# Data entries
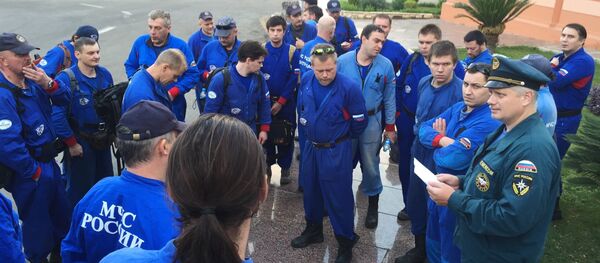 Socorristas de Ministerio de Emergencias ruso que han venido a Egipto para buscar cuerpos de las víctimas de incidente Socorristas de Ministerio de Emergencias ruso que han venido a Egipto para buscar cuerpos de las víctimas de incidente - Sputnik Mundo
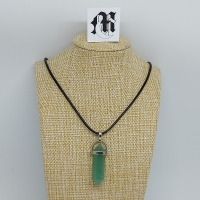 Ketting met hanger met dubbeleindersteen licht groen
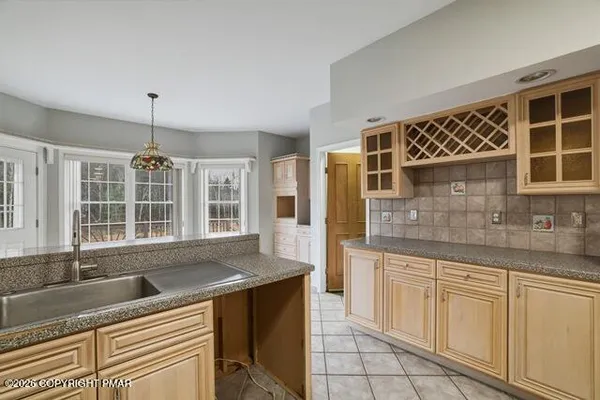 $624,900 | 267 Scenic Drive, Blakeslee, PA 18610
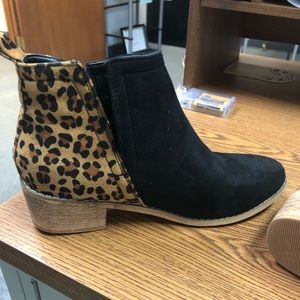 Corky’s Boutique Booties Sz.8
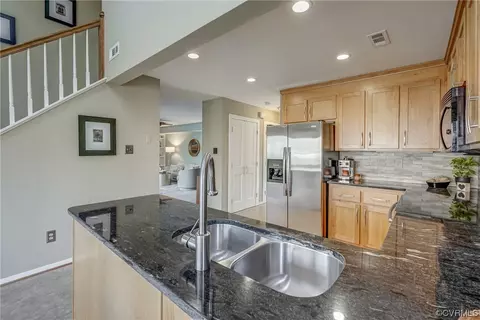 Kitchen - 14017 Copper Hill Rd, Midlothian, VA 23112 photo 5 of 7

# Work order
I need the lines from the one containing "Blakeslee, PA 18610" through the end of the records retyped exactly, with the pictures left out.

# Reply to the task
 $624,900 | 267 Scenic Drive, Blakeslee, PA 18610
 Corky’s Boutique Booties Sz.8
 Kitchen - 14017 Copper Hill Rd, Midlothian, VA 23112 photo 5 of 7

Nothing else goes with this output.